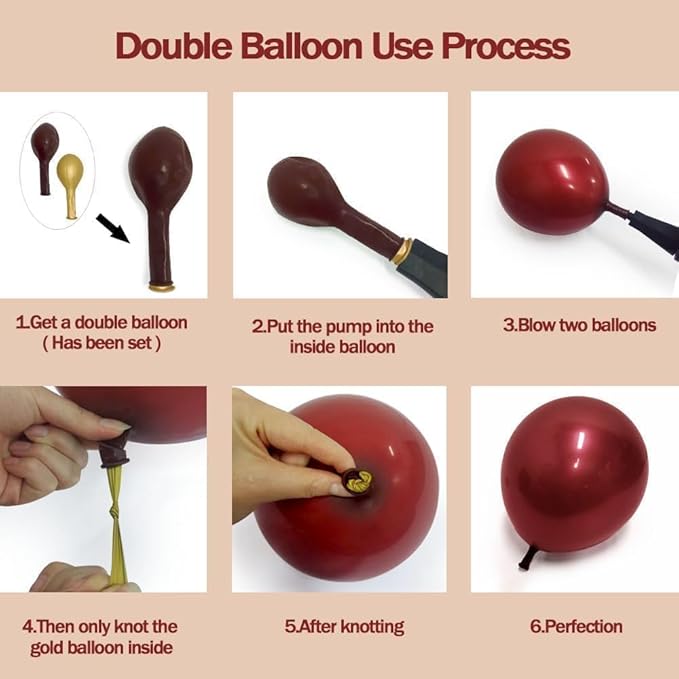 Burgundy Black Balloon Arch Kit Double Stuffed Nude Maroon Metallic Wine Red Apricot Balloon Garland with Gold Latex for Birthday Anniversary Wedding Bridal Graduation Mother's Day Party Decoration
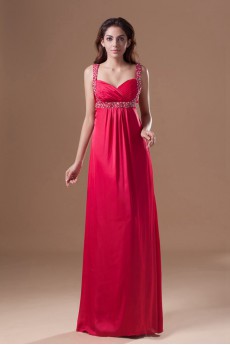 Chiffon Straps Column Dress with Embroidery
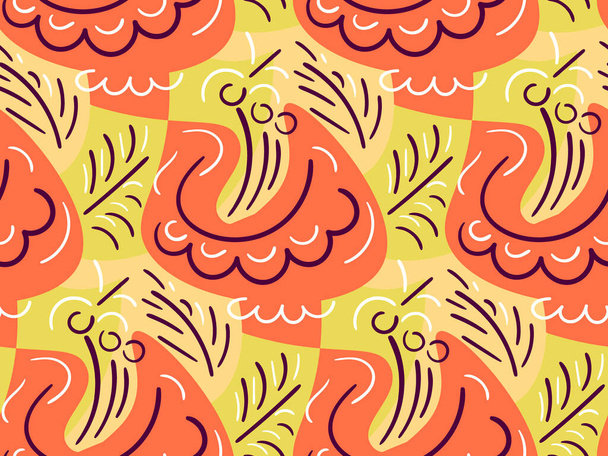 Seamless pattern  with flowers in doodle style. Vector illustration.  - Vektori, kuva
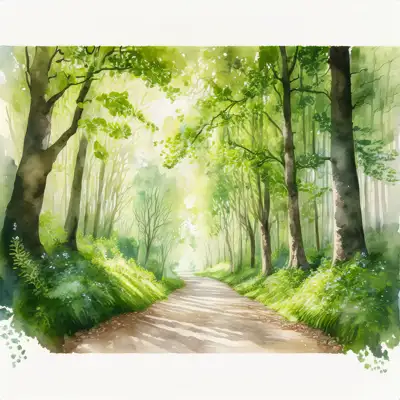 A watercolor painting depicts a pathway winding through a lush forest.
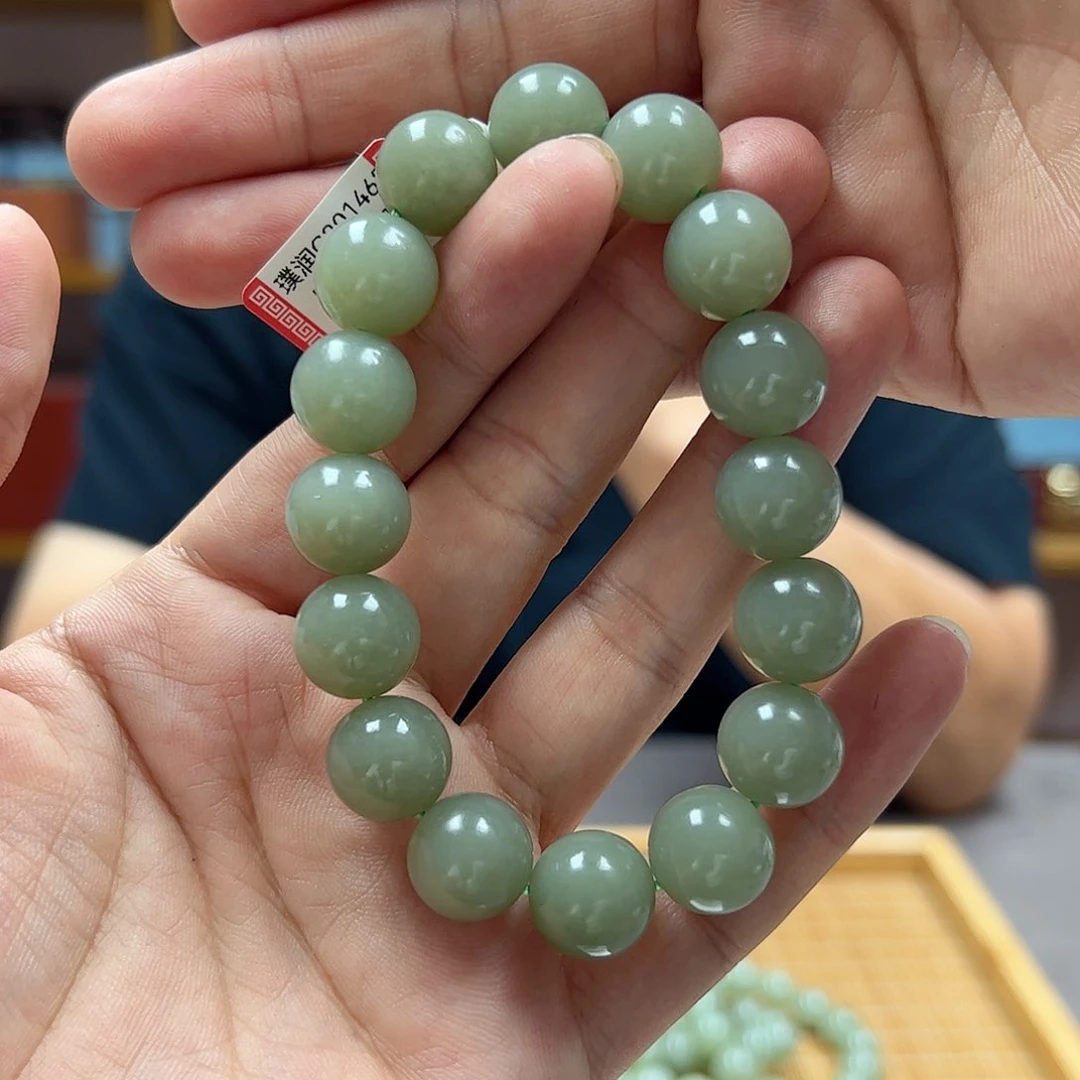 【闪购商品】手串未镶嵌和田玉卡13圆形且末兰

# # # # #

◆ What to do ◆
Would you transcribe exactly, and only, the lines from the one containing "- Vektori, kuva" through the last line of the records above, both included, leaving out the pictures?

◆ Solution for this task ◆
 Seamless pattern  with flowers in doodle style. Vector illustration.  - Vektori, kuva
 A watercolor painting depicts a pathway winding through a lush forest.
 【闪购商品】手串未镶嵌和田玉卡13圆形且末兰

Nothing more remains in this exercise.